Software rams great firewall of China

By Paul Festa
Staff Writer, CNET News.com
Last modified: April 16, 2003, 7:24 AM PDT
                                                                
The news and propaganda wing behind the U.S. government's Voice of 
America broadcasts has commissioned software that lets Chinese Web 
surfers sneak around the boundaries set by their government.
The software enables PC users running Microsoft's Windows XP or 2000 
operating systems to set up a simple version of what's known as a 
circumvention Web server, or a computer that essentially digs a tunnel 
under a firewall set up by a government, corporation, school or other 
organization.
In this case, the United States is eyeing the millions of Chinese Web 
surfers stuck behind their government's firewall--as well as other 
people around the world who are prevented from downloading American 
news and propaganda.

"The news is highly censored," said Ken Berman, program manager for 
Internet anticensorship at the International Broadcasting Bureau (IBB), 
which puts out the Voice of America radio and Internet transmissions, 
along with other international programs. "The Chinese government jams 
all of our radio broadcasts and blocks access by their people to our 
Web site. We want to allow the people there to have the tools to be 
able to have a look at it."

China keeps a particularly strong lock on the Internet. The government 
has blocked popular search engines and prevailed on Western companies 
such as Yahoo to voluntarily restrict their Web content in China. In 
one U.S. study, China was found to be blocking 19,000 Web sites 
including those providing news, health information, political coverage 
and entertainment.

In November, Amnesty International named 33 companies including 
Microsoft, Sun Microsystems and Cisco Systems that it said were 
providing the Chinese with technology to achieve its Internet 
censorship aims.

The idea behind the U.S.-backed software is to allow someone trying to 
evade a firewall to tunnel under it via a third-party computer not 
blocked by the firewall. The software, which uses Secure Sockets Layer 
(SSL), lets the person who installs it set up a miniature Web site 
through which a firewall-restricted surfer can access the rest of the 
Web.

In addition to circumventing firewalls, the software also creates 
anonymity by covering the Web surfer's tracks and leaving no record of 
what sites he or she visited beyond the miniature Web site.
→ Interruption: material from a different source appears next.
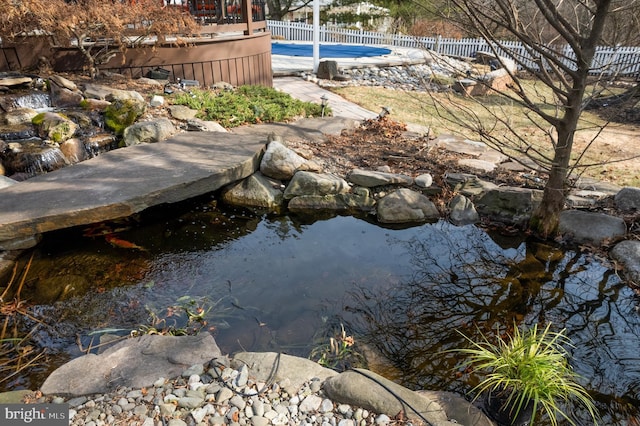 view of pool with a small pond and fence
The software being tested grew out of a December roundtable in which 
participants raised the possibility of skirting the Chinese information 
blockade. In response, the IBB commissioned anticensorship activist 
Bennett Haselton for an undisclosed sum to craft a user-friendly 
circumvention server.
Haselton on Wednesday posted instructions on how to use the software on 
his Peacefire Web site.

Similar software already exists but without sufficient ease of use that 
it could achieve widespread international distribution.

The IBB hasn't figured out exactly how it will distribute the software, 
or how it will solve the chicken-and-egg conundrum of getting the word 
out to people who are prevented from hearing the IBB's message in the 
first place. One possible solution is to tap dissident expatriate 
communities that maintain ties to their homeland.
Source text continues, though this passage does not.